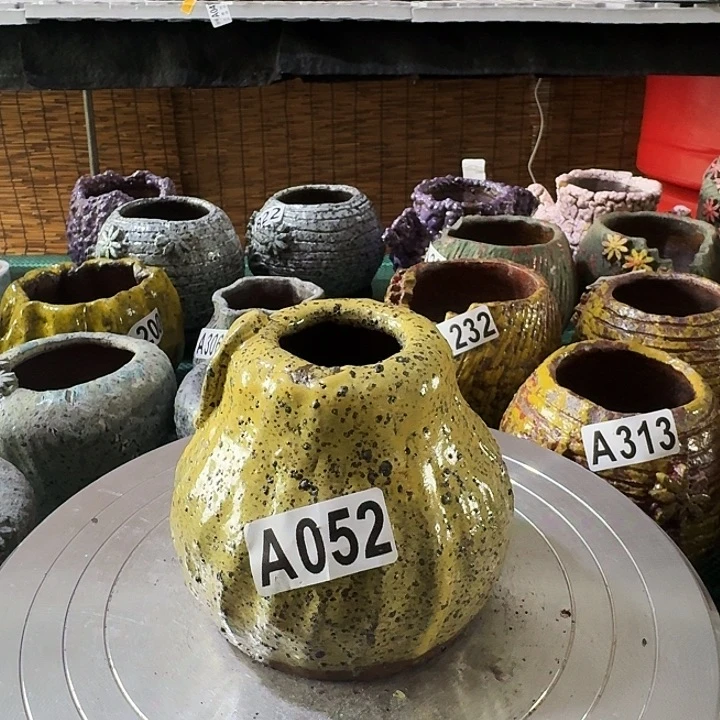 内口3高9粗陶手工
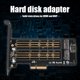 thumbnail image 3 of Adaptador Dual M.2 PCIe PCIE 30 X4 a M.2 M + Likrtyny B Key controlador tarjeta de expansión, 3 of 9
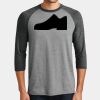 Mens Perfect Tri ® 3/4 Sleeve Raglan Thumbnail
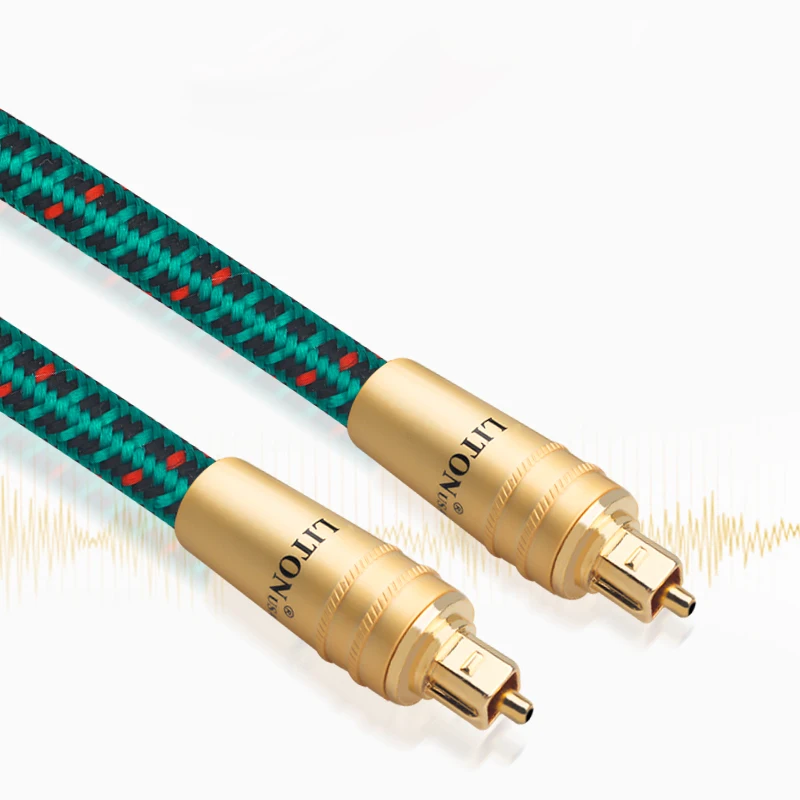 1szt LITON Cyfrowy optyczny kabel audio Toslink Kabel koncentryczny SPDIF Wzmacniacze HiFi DTS Dolby 5.1 7.1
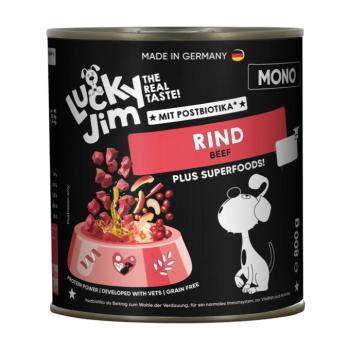 24x800g Lucky Jim Mono marha nedves kutyatáp kép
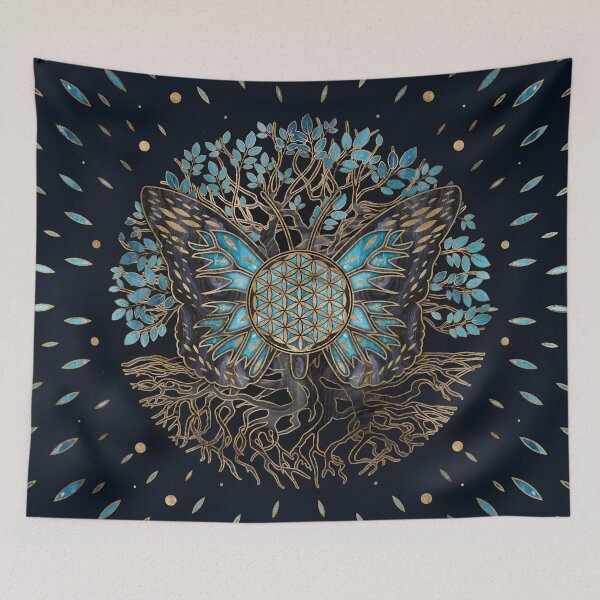 Item preview, Flower of Life - Tree of life - Butterfly designed and sold by k9printart.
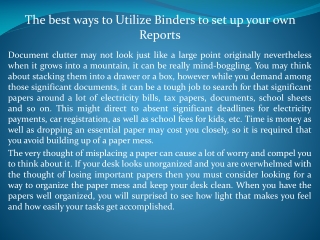 Binders for school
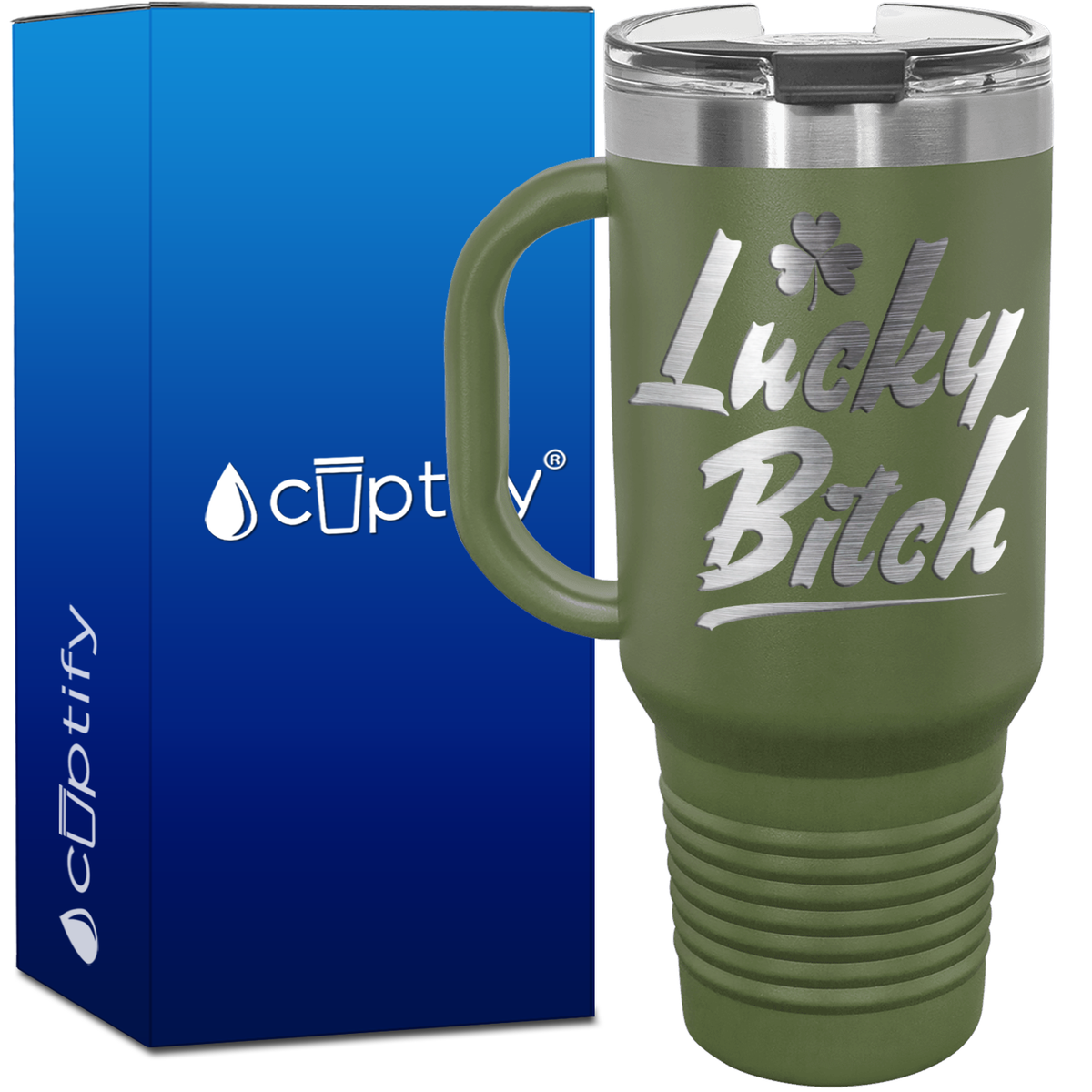 Lucky Bitch 40oz Travel Mug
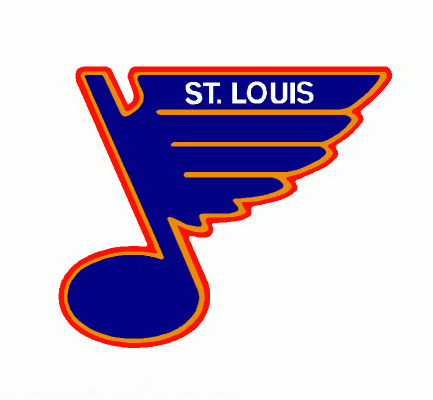 St. Louis Blues 1991-92 hockey logo of the NHL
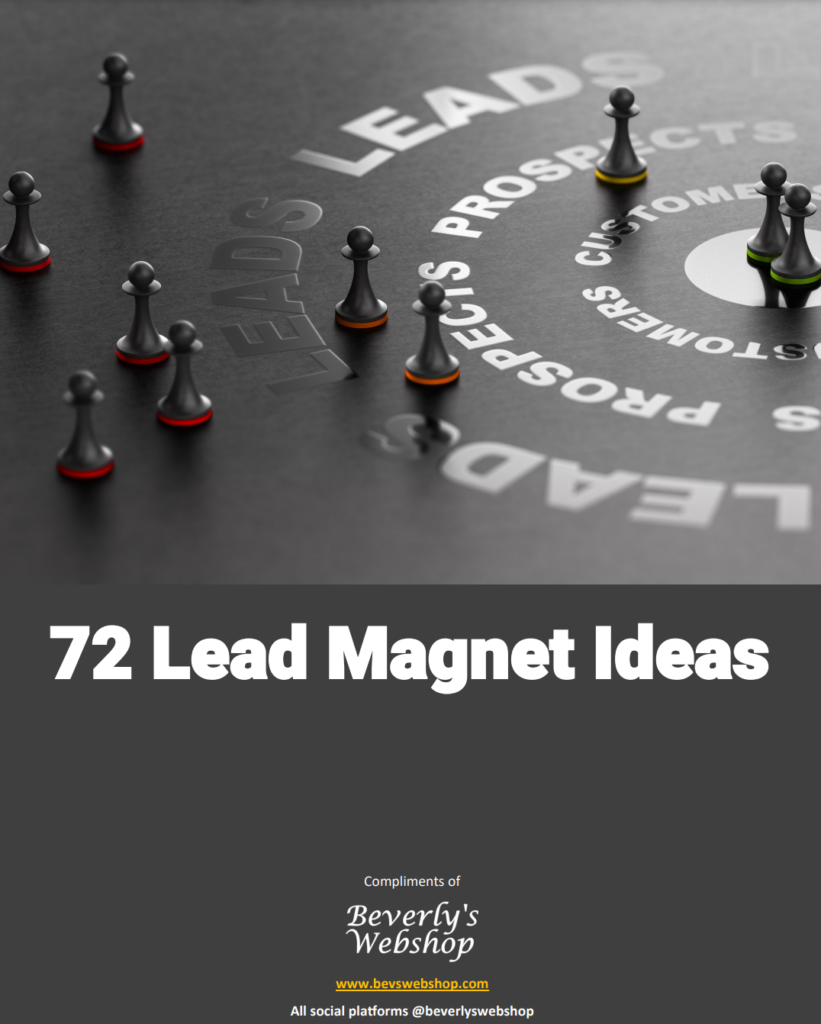 72 Lead Magnet Ideas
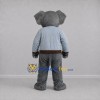 Custom Gray Elephant Mascot Costume Adult Full Body Suit for School Events Custom Gray Elephant Mascot Costume Adult Full Body Suit for School Events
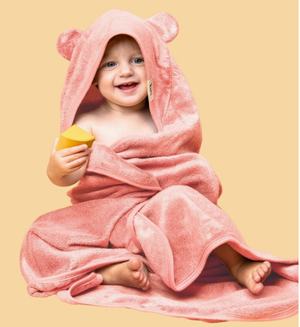 Hooded Towel - Peony - Kiin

* * * * * * *

WORK TO COMPLETE: Every line from the top of the entries through the line that holds "24x800g Lucky Jim" is to be quoted exactly, please, and nothing else; omit the pictures.

YOUR RESPONSE:
 内口3高9粗陶手工
 thumbnail image 3 of Adaptador Dual M.2 PCIe PCIE 30 X4 a M.2 M + Likrtyny B Key controlador tarjeta de expansión, 3 of 9
 Mens Perfect Tri ® 3/4 Sleeve Raglan Thumbnail
 1szt LITON Cyfrowy optyczny kabel audio Toslink Kabel koncentryczny SPDIF Wzmacniacze HiFi DTS Dolby 5.1 7.1
 24x800g Lucky Jim Mono marha nedves kutyatáp kép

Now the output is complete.